Recall that KKR had won precisely last June the right to negotiate on an exclusive basis the purchase of control of TIM’s NetCo, with the tlc group’s Board of Directors giving a mandate to ceo Pietro Labriola to initiate, on an exclusive basis, an improved negotiation with the U.S. fund, aimed at “obtaining the presentation in the shortest possible time, consistent with the complexity of the transaction and in any case by September 30, of a final and binding offer” (see here a previous article by BeBeez).
Meanwhile, a crucial meeting will be held in the coming days between the Italian Government representatives and those of Vivendi, the French media group, TIM’s largest shareholder at 23.75 percent, which has always put the brakes on the deal because it considers the price offered by KKR to be too low. It is well known for the French shareholder that NetCo’s value is 31 billion (see here a previous article by BeBeez), a far cry from the 23 billion that KKR has put on the table (see here a previous article by BeBeez). In fact, Vivendi’s ceo, Arnaud de Puyfontaine, sent a letter to the Treasury asking for a meeting before KKR submits its binding offer on the network, a meeting that the government has agreed to and that is thought could already take place this week.
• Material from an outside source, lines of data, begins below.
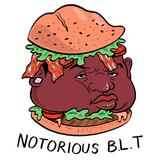 Notorious BLT T-Shirt - Biggie Smalls Funny Bacon Lover Hip Hop Punny Gift - punpantry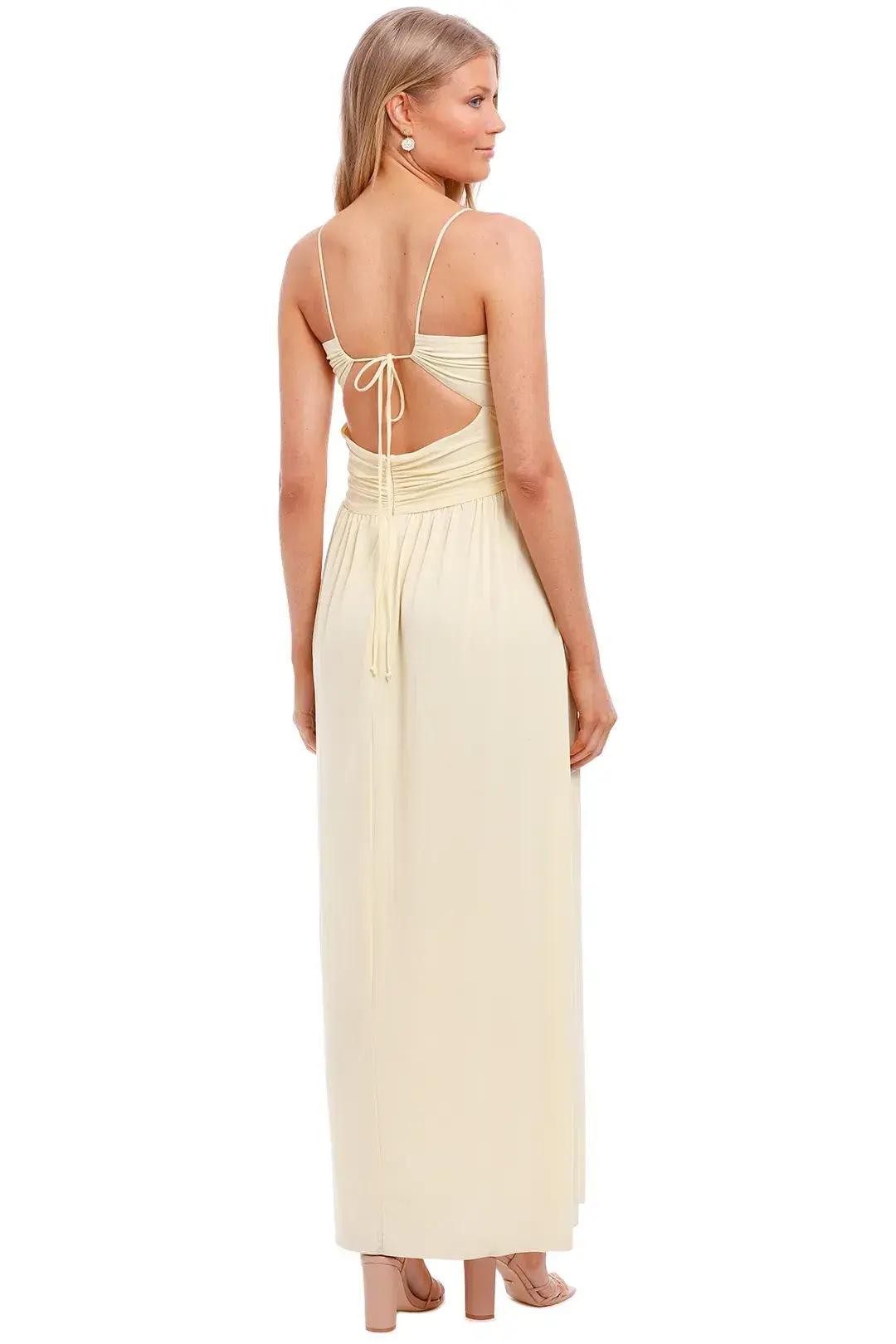 Bec and Bridge Isla Midi Dress Yellow Size 6 - Image 2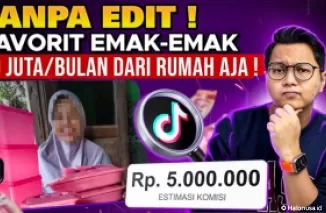 Ilustrasi cara cepat hasilkan komisi legit TikTok affiliate 2024.(Foto: kanal Youtube Hendra Setyo)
Meanwhile, we recall that at the end of August the Italian Council of Ministers, at the proposal of Prime Minister Giorgia Meloni and Minister of Economy and Finance Giancarlo Giorgetti, gave the green light to the entry of the Ministry into the capital of NetCo, as part of the transaction organized by KKR, putting up to 2.2 billion euros on the plate, for a share of NetCo between 15 and 20 percent, with the resources that will be drawn from the availability of the so-called earmarked assets, created by Decree Law No. 34 of 2020 and amounting today to 2.525 billion (see here a previous article by BeBeez).
At the end of the transaction KKR should hold about 65 percent of NetCo’s capital, the Italian Treasury Ministery precisely 15-20 percent, while the remaining share could be distributed between Italy’s National Promotion Institution, Cassa Depositi e Prestiti, and Italy’s major private capital infrastructure investor, F2i sgr. In this regard Mr. Giorgetti had said, “Possible involvement of CDP, taking into account Antitrust constraints,” referring to the fact that CDP is already a majority shareholder in Open Fiber“.